With the number of vendors well into triple figures, saying the choice is hard is an understatement, but what Glastonbury did teach me about this part of the food industry is that there seems to be a list of things all street food vendors need to refer to in order to stand a chance of success in what is possibly the most saturated and competitive market to date:
- A slice of heaven, number 7. £7 was the tipping point – anything more than that you felt royally ripped off. It could be the best tasting thing you’ve ever put in your mouth but at the end of the day, you’re still eating out of cardboard, getting most of it down your chin and being rained on whilst you indulge. Most places seemed to recognise this and the damage was somewhere between £6 and £7 each time.
2. Psychology of price ranges. Despite seven round pounds sitting comfortably with most festival-goers, it wasn’t uncommon to see menus with prices starting at £4 and ending at £10. This is a practice used by a lot of restaurants too, encouraging diners to subconsciously choose an item priced somewhere in the middle. The vendors will include the £10 item on the menu, not with the expectation that they’ll shed many, but in an attempt to use psychology to entice people into making a £7 purchase. We’re too proud a species to be seen to purchase at the lower end of £4 but we’re smart enough with our money to not want to spend £10 so it’s almost guaranteed we’ll settle for one in the middle. Some Derren Brown kind of stuff going on here.
3. Write it right. It’s simple really, and again, all down to psychology. Don’t write the £ sign, studies have shown that the symbol and our immediate association to spending money is detrimental to success. Make it a round number and forget about the extra .50p. Not only do we not want spare change when we’re at a festival, but our brain also works in strange ways and when a price contains more syllables or is separated with commas, it appears more expensive to us.
4. Be really slow at making the food. Well, not too slow that people get bored and walk away, but slow enough to make people realise its freshly made, and slow enough to ensure you allow a little queue to form. Humans are cohesive, and we want to go where everyone else seems to be.
5. Make a bit of noise. Whether you chat nonsense to passersby, tell someone you like their wellies, or just play a bit of music, you’re more likely to turn heads if you seem like a lively bunch. Don’t cross the line though, if we think you’re forcing your burger down our throats we will absolutely never come close to your vintage VW.
6. Take pride in your appearance.

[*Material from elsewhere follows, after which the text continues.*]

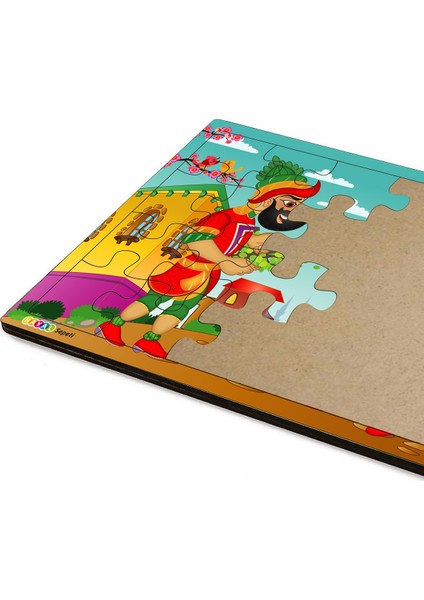 Hayal Sepeti Karagöz ve Hacivat 3-9 Yaş Çocuklar Için 24 Parçalı Ahşap Puzzle Yapboz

Something so simple as a banner can make all the difference to how enticing your stall is amongst the crowds. But don’t just get a banner printed with Curlz MT and a logo from Clip Art, think creatively, have a witty name and perhaps use chalk boards and you’re far more likely to stand out in the crowd. ‘It’s better to be looked over than over looked’ (T. Johnson, 2010), so make sure you have a little something that grabs our attention.
7. Finally, don’t try and put lipstick on a pig (Obama, 2008) – some things just don’t need dressing up for the sake of trying to charge a little bit extra. A coffee’s a coffee and when you’ve come face to face with one of the worst hangovers of your life, you won’t care whether the coffee beans were grown in the depths of Ethiopia and ground by royalty or whether you just bulk-bought your granules from Costco. Most of us don’t care that much, and those that say they do, can probably be fooled.